In one sense, the remarks which follow attempt to unravel the logic of relative positions. If there is an answer to the question with which I began, it will not be found in some theoretical stand called for here but rather in the erosion of the very ground on which to take a stand. In another sense, by going over again, so as to erode, some old ground, I hope to leave open the possibility of reframing another question in the necessary terms of a feminist critique of institutions. This other question attempts to articulate the object with the place of critical activity.1
In a recent article which argues that feminist scholars cannot continue to study exclusively literature by women, the author suggests as one reason the increased pressures to streamline university curricula, thereby possibly endangering any activity which locates itself too singularly in the margins of a central academic tradition.2 This view would seem to be part of a growing consensus among those involved in women’s studies in general, that they must prepare to respond to an imminent re-centralization of the university. I refer you, for another example, to the debate about “mainstreaming” women’s studies in Women’s Studies Quarterly (Spring/Summer 1981).
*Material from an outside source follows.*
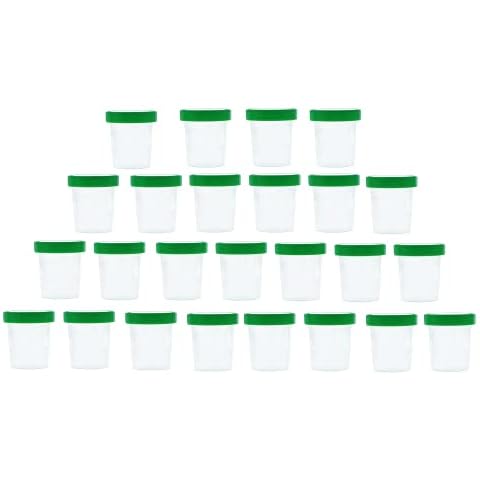 Horn Medical Urinbecher/Probenbecher mit Schraubverschluss 125ml Fassungsvermögen, Maßtabelle bis 100ml/3oz, beschriftbar (25Stk) Cover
In very general terms, such proposals to resituate feminist critical activity appear to rest on a number of unexamined political or theoretical judgments. For example, one finds there a surprising degree of assent to the notion that a recentralized university economy is the inevitable solution to an academic recession, even though this view may also entail subscribing to the principle—which has a certain currency right now—that whatever is good for business is good for the rest of social institutions. This uncritical acceptance of the principle of centrality would relocate at the center of the human enterprise a feminist criticism which has been redefined to reflect, as this same critic writes, “something more in line with what life is really like” [Spector, ibid.]. In this fashion, humanist metaphors of centrality work to coordinate a model of the efficient (i.e., cost-effective) institution with the notion of literature as mimetic representation. What I want to outline briefly is how a recentering of feminist theory can be seen to derive from a dominant pattern of ideological assumptions. I will be suggesting that by delimiting as the object of criticism literature by but also about, for and against women, this central form of feminist theory has already made certain assumptions about the place of critical activity within socio-political structures and their institutions. As one consequence, the attempt to redefine that object and relocate that activity may not be able to acknowledge how it risks getting misplaced.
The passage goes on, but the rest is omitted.